++++ DATA UNDER STUDY ++++
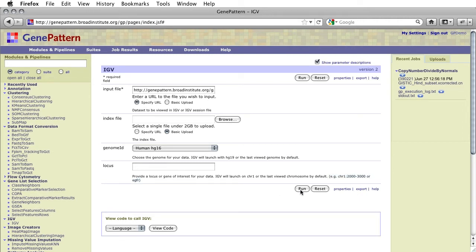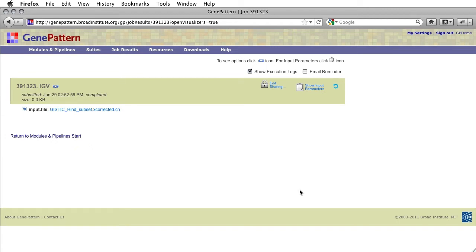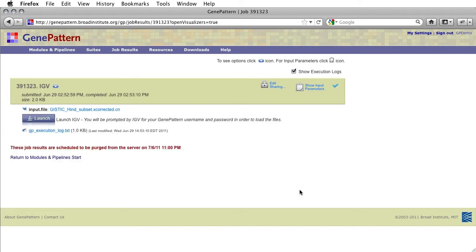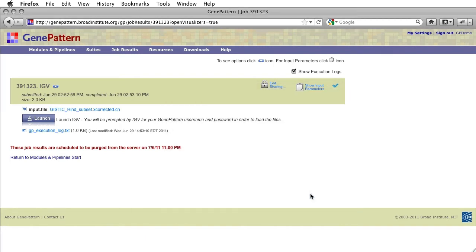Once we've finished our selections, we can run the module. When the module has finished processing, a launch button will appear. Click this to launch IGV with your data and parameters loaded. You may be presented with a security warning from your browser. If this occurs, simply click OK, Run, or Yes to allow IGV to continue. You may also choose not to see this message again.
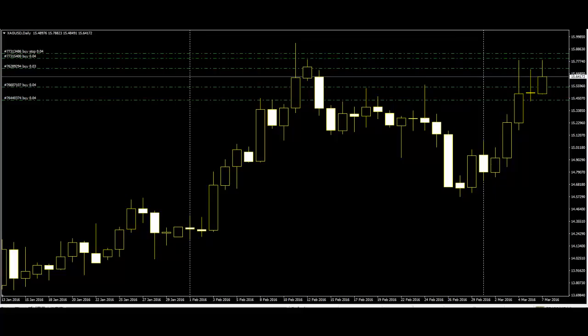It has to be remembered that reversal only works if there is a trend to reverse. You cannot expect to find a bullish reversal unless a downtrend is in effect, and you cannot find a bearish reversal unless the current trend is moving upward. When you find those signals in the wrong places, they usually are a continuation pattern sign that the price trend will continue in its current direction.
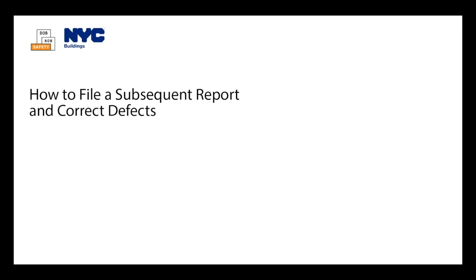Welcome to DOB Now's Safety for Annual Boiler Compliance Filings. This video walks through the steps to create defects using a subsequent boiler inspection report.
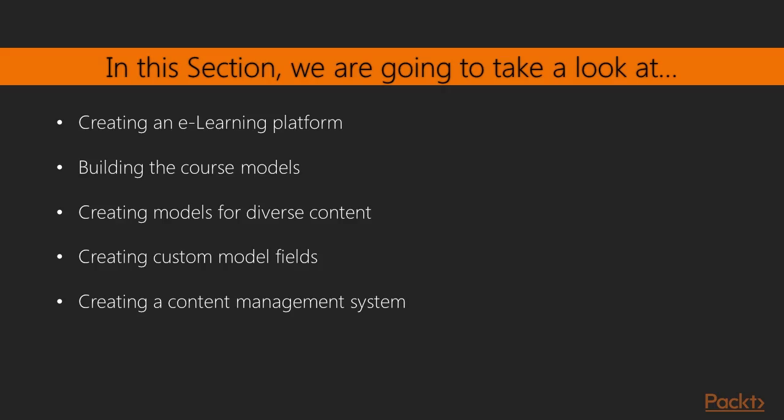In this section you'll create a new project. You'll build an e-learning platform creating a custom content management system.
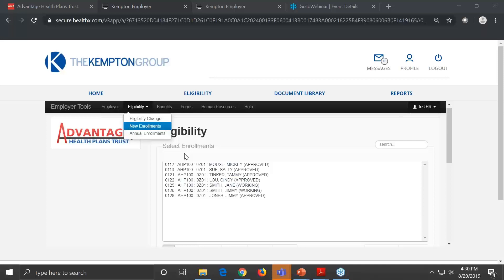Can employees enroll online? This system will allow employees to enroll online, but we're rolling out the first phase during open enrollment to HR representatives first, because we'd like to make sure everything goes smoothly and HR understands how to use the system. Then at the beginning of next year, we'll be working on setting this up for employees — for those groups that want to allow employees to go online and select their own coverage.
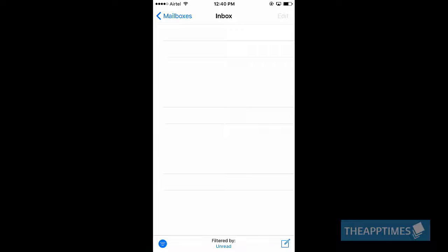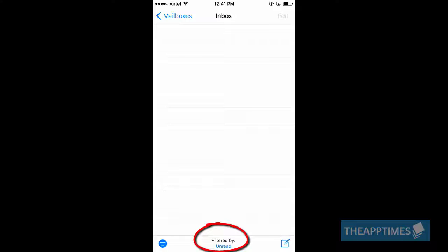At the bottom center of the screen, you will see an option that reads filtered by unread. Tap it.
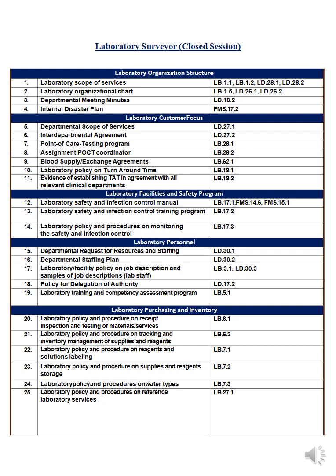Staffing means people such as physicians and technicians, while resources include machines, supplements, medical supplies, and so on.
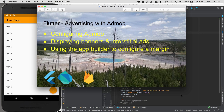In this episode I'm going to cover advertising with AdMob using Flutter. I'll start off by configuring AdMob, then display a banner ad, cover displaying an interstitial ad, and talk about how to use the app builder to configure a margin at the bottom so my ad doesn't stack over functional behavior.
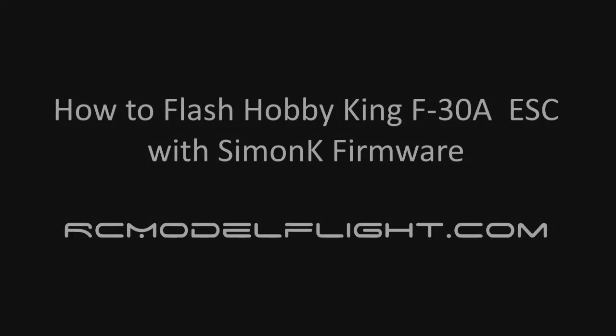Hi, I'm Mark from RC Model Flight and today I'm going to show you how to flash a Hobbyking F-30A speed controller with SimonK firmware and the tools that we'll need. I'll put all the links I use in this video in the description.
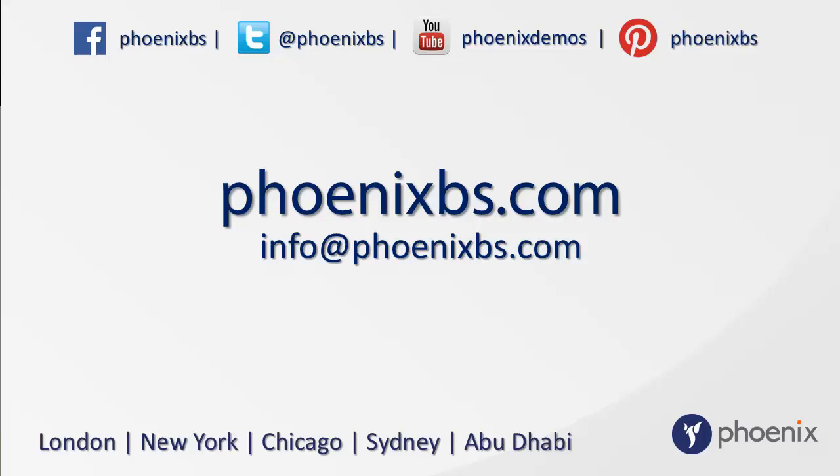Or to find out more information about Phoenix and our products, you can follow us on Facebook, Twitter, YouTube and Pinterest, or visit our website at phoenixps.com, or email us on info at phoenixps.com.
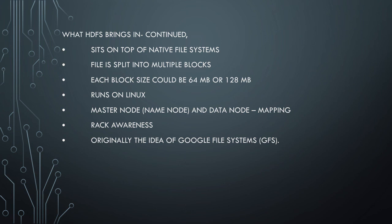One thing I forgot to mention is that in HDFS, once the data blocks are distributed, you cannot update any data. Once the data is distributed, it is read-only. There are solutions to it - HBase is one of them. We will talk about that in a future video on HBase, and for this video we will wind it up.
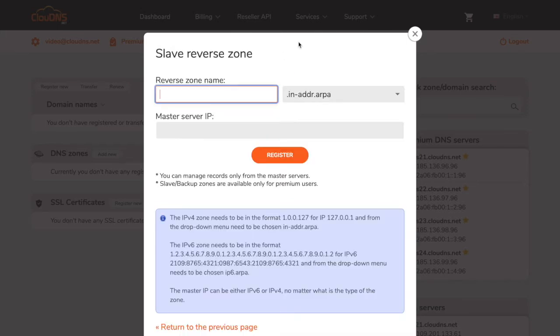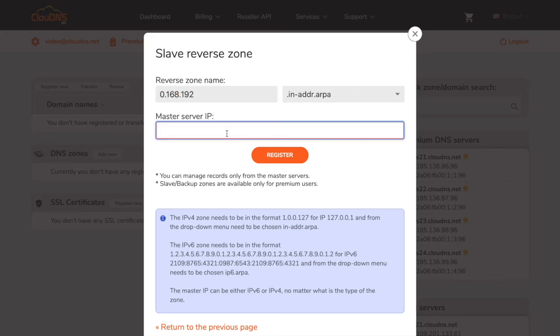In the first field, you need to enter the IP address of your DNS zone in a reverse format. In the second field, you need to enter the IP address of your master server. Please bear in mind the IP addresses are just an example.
++++
__EXERCISE REQUIREMENTS__
What you return must match each record exactly and contain no images.

__ANSWER TO THE PROBLEM__
Once we've finished our selections, we can run the module. When the module has finished processing, a launch button will appear. Click this to launch IGV with your data and parameters loaded. You may be presented with a security warning from your browser. If this occurs, simply click OK, Run, or Yes to allow IGV to continue. You may also choose not to see this message again.
It has to be remembered that reversal only works if there is a trend to reverse. You cannot expect to find a bullish reversal unless a downtrend is in effect, and you cannot find a bearish reversal unless the current trend is moving upward. When you find those signals in the wrong places, they usually are a continuation pattern sign that the price trend will continue in its current direction.
Welcome to DOB Now's Safety for Annual Boiler Compliance Filings. This video walks through the steps to create defects using a subsequent boiler inspection report.
In this section you'll create a new project. You'll build an e-learning platform creating a custom content management system.
Can employees enroll online? This system will allow employees to enroll online, but we're rolling out the first phase during open enrollment to HR representatives first, because we'd like to make sure everything goes smoothly and HR understands how to use the system. Then at the beginning of next year, we'll be working on setting this up for employees — for those groups that want to allow employees to go online and select their own coverage.
At the bottom center of the screen, you will see an option that reads filtered by unread. Tap it.
Staffing means people such as physicians and technicians, while resources include machines, supplements, medical supplies, and so on.
In this episode I'm going to cover advertising with AdMob using Flutter. I'll start off by configuring AdMob, then display a banner ad, cover displaying an interstitial ad, and talk about how to use the app builder to configure a margin at the bottom so my ad doesn't stack over functional behavior.
Hi, I'm Mark from RC Model Flight and today I'm going to show you how to flash a Hobbyking F-30A speed controller with SimonK firmware and the tools that we'll need. I'll put all the links I use in this video in the description.
Or to find out more information about Phoenix and our products, you can follow us on Facebook, Twitter, YouTube and Pinterest, or visit our website at phoenixps.com, or email us on info at phoenixps.com.
One thing I forgot to mention is that in HDFS, once the data blocks are distributed, you cannot update any data. Once the data is distributed, it is read-only. There are solutions to it - HBase is one of them. We will talk about that in a future video on HBase, and for this video we will wind it up.
In the first field, you need to enter the IP address of your DNS zone in a reverse format. In the second field, you need to enter the IP address of your master server. Please bear in mind the IP addresses are just an example.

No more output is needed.